## Supplied information
______
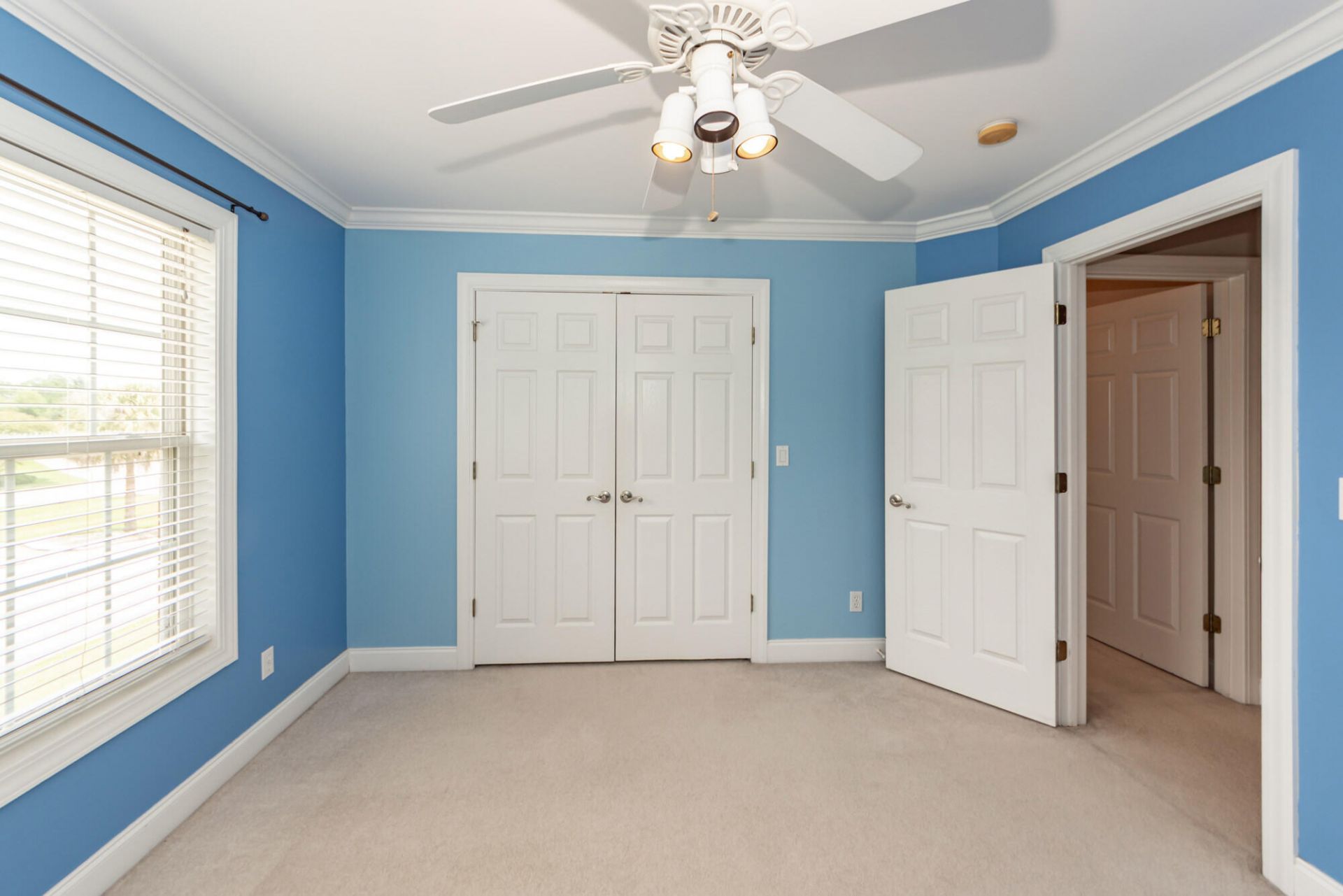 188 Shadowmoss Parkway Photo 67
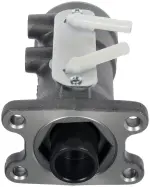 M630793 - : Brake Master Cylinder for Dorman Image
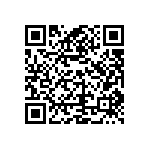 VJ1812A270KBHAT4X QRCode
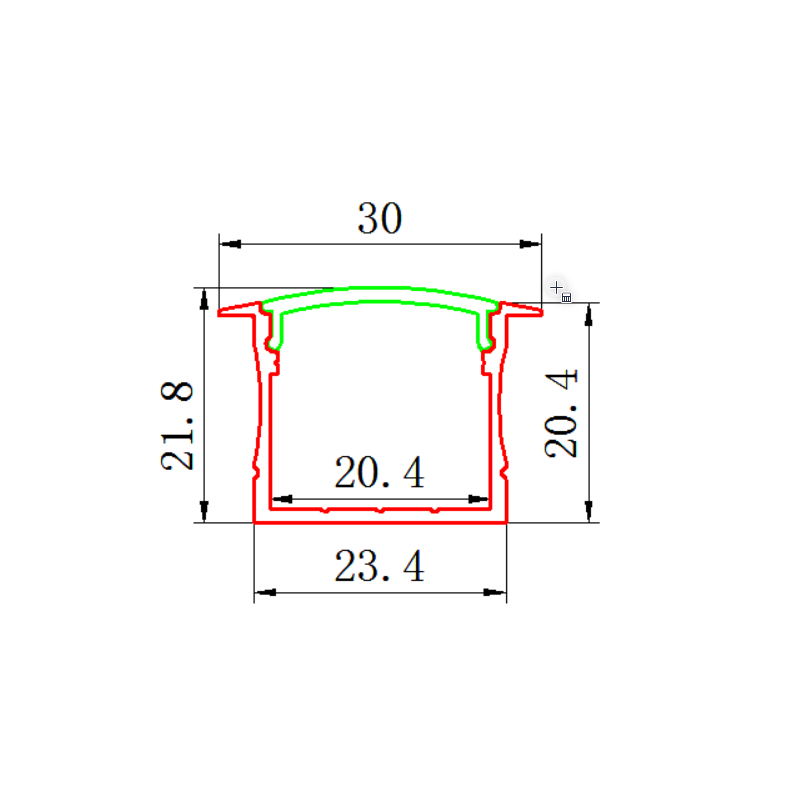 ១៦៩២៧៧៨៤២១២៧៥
______
## Your instructions
Reproduce the listing above exactly, without a single picture.

## Answer below
 188 Shadowmoss Parkway Photo 67
 M630793 - : Brake Master Cylinder for Dorman Image
 VJ1812A270KBHAT4X QRCode
 ១៦៩២៧៧៨៤២១២៧៥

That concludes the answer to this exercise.